Bathed in style
From a spa-like ambience to open concepts, the toilet is the new space at home to get a luxurious makeover
By: Natasha Ann Zachariah
Your house is your castle, goes the saying, and now, more people are giving their 'throne' - the toilet - the glam treatment. They are daring to go open- concept with toilets that have see- through glass walls or upscaling the whole bathroom with high-end and hi-tech finishings.
Mr Kevin Yao, chief operating officer of bathroom furnishing provider Grohe Asia Pacific, says it is now common for house-proud owners to splash out an average of $10,000 on luxing each loo. And it is not just private home owners who are increasing their budget, he adds.
The highest he has seen spent was $12,000 for a four-room HDB flat.
He says: 'Previously, home owners focused their attention on the living room or kitchen, which are public areas in the house where guests can interact freely. However, they realise that they can no longer neglect the conventional bathroom. Even though it is a private area, it is a sensorial experience that cannot be ignored.'
Take general manager Raymond Howe, whose master bedroom toilet has no doors. Some might call him an exhibitionist but the 49-year-old, who works at Capri by Fraser Hotel and lives with his girlfriend in a five-room flat in Sengkang, says: 'Sure, you can see me on my 'throne' doing my business, but I find doors cumbersome.'
But he admits: 'I had a hard time convincing my contractor that I was sure this is what I wanted.'
He lavished about $6,500 on his audacious ablution space, which includes customised marble tops for the sink area and bright mosaic tiles. He says he was willing to spend a good portion of his $70,000 renovation budget on bathrooms - there is also one attached to the kitchen.
'It was my top priority and I don't mind spending more for high-end fittings. I spend a lot of time here, sitting and staring at my bike closet and also thinking about things. It's a very comforting space,' says Mr Howe, who designed the apartment's layout himself, which includes storage for his six bicycles.
It is a far cry from the days of the overlooked, unglamorous bathroom with unsightly industrial pipes and homogenous tiles.

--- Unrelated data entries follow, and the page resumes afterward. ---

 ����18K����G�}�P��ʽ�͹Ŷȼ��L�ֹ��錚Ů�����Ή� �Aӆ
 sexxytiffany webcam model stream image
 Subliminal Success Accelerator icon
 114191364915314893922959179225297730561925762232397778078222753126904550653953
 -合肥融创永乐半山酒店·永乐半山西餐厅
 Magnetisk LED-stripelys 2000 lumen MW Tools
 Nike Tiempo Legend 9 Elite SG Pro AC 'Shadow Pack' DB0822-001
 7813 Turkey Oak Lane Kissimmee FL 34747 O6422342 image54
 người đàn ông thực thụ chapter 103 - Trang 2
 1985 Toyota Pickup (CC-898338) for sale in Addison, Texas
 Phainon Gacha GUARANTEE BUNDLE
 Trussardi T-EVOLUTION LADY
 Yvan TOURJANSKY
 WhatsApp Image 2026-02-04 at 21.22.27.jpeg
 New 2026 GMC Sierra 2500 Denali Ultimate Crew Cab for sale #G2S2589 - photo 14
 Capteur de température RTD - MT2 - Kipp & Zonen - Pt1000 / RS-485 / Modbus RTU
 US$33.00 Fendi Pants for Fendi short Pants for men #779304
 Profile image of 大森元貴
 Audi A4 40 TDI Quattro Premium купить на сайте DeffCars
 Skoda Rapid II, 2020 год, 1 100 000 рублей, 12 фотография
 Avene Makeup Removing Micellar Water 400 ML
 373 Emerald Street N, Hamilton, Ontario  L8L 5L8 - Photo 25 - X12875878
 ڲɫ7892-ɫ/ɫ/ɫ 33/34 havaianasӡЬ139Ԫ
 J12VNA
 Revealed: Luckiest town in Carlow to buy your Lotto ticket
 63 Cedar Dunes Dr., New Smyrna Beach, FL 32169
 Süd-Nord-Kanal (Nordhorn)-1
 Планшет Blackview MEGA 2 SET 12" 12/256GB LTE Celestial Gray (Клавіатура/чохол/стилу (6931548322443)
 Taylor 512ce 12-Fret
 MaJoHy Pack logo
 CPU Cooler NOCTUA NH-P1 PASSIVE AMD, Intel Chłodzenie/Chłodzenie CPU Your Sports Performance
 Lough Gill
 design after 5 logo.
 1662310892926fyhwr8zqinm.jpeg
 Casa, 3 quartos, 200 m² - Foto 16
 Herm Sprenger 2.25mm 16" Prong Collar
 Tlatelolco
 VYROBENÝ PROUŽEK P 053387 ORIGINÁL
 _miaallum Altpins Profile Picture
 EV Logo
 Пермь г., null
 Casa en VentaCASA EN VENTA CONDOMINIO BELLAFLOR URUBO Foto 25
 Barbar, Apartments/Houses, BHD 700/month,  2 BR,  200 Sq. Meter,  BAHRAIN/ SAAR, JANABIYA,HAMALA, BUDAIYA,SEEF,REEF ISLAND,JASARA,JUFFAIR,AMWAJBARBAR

Interior designers tell Life! home owners wanting to beautify the bathroom are usually couples with no children and who get their inspiration from their travels overseas. As well, they are open to ideas and willing to try more unusual looks.
Interior design firm Design Rebirth turned the traditional notion of bathroom placement on its head by putting a jacuzzi, separated by a glass wall, next to the kitchen fridge.